The body's own immune system could be used to fight the most serious form of skin cancer, scientists have claimed.
The treatment appears to stop skin cancer progressing
Two US teams have been able to manipulate immune cells to boost the attack on cancer cells.
Research presented to a European cancer research conference in Prague showed longer-term survival in 29 patients.
Experts said the studies were "significant", but much more research was needed before the treatment could be offered to patients.
Malignant melanoma affects around 8,000 people in the UK each year, and there were 1,777 deaths from the condition in 2004.
The average life expectancy after diagnosis of the most serious form of the disease, stage four, is around nine months.
Surgery or high doses of chemotherapy drugs are used to treat the cancer, but while they can reduce the size of tumours they cannot prevent the disease recurring.
The immune system that attacks cancer cells is a finely balanced defence system.
The amount of one kind of T cells, which recognise and attack foreign bodies such as tumour cells is controlled by a second, called Tregs.
Tregs usually act as a break stop the immune attack going into overdrive and turning on the body.
One study found it was possible to suppress Tregs by blocking the activity of a protein on the cells' surface.
This meant other parts of the immune system were free to attack.
The University of California, Los Angeles researchers treated 25 patients with injections of an antibody to block the protein.
Almost a year-and-a-half later, 24 of the patients are still alive. Three are free of cancer.
In the second study, researchers from the University of Louisville in Kentucky treated seven people with advanced skin cancer with a drug combination of the diphtheria toxin and interleukin 2, to stop the Tregs effect.
Mice studies had already found that the combination led to another part of the immune system armoury called CD8+T lymphocytes being freed up to attack and kill melanoma cells.

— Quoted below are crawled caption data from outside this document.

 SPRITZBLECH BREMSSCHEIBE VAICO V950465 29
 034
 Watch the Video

The five patients on the higher dose saw their tumours shrink or remained stable. All seven are still alive 12 months after the treatment was given.

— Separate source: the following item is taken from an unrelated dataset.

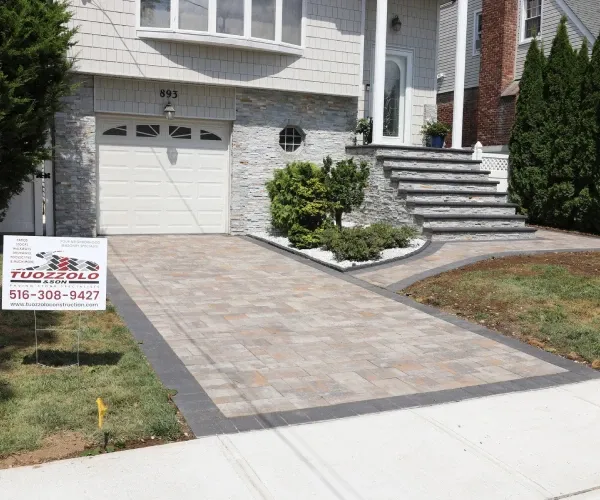 hardscape company in massapequa ny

Dr Chesney told the cancer conference: "From the results, we conclude that depleting Treg cells in patients with melanoma may allow the immune system to be activated successfully to kill cancer cells.
"These patients have survived longer than the median average life expectancy of a patient with stage four melanoma."
He added: "We also believe that, in the future, immunotherapies that depend on depleting Treg cells may prove to be useful in all types of cancer."
Dr Alexander Eggermont, professor of surgical oncology at the University of Rotterdam in the Netherlands, chairman of the conference, said: "This is a fundamentally different approach to treating cancer.
"If we can change the rules of the game by keeping the immune system active, we might be able to prevent tumour regrowth."
However, there is a risk in removing the immune system's control mechanism.
There are concerns it could lead to autoimmune diseases - where the body attacks itself - such as hepatitis, colitis or dermatitis.
Rick Bucala, a professor at Yale University School of Medicine said the research could prove "highly significant".
But he said caution was still needed as there was relatively little data on the treatment.
Henry Scowcroft, science information officer at Cancer Research UK, said: "This is very early work with very ill patients, but the results are extremely encouraging.
"There have been several similar findings in recent years. Taken together, these advances suggest that immunotherapy is finally starting to live up to early expectations."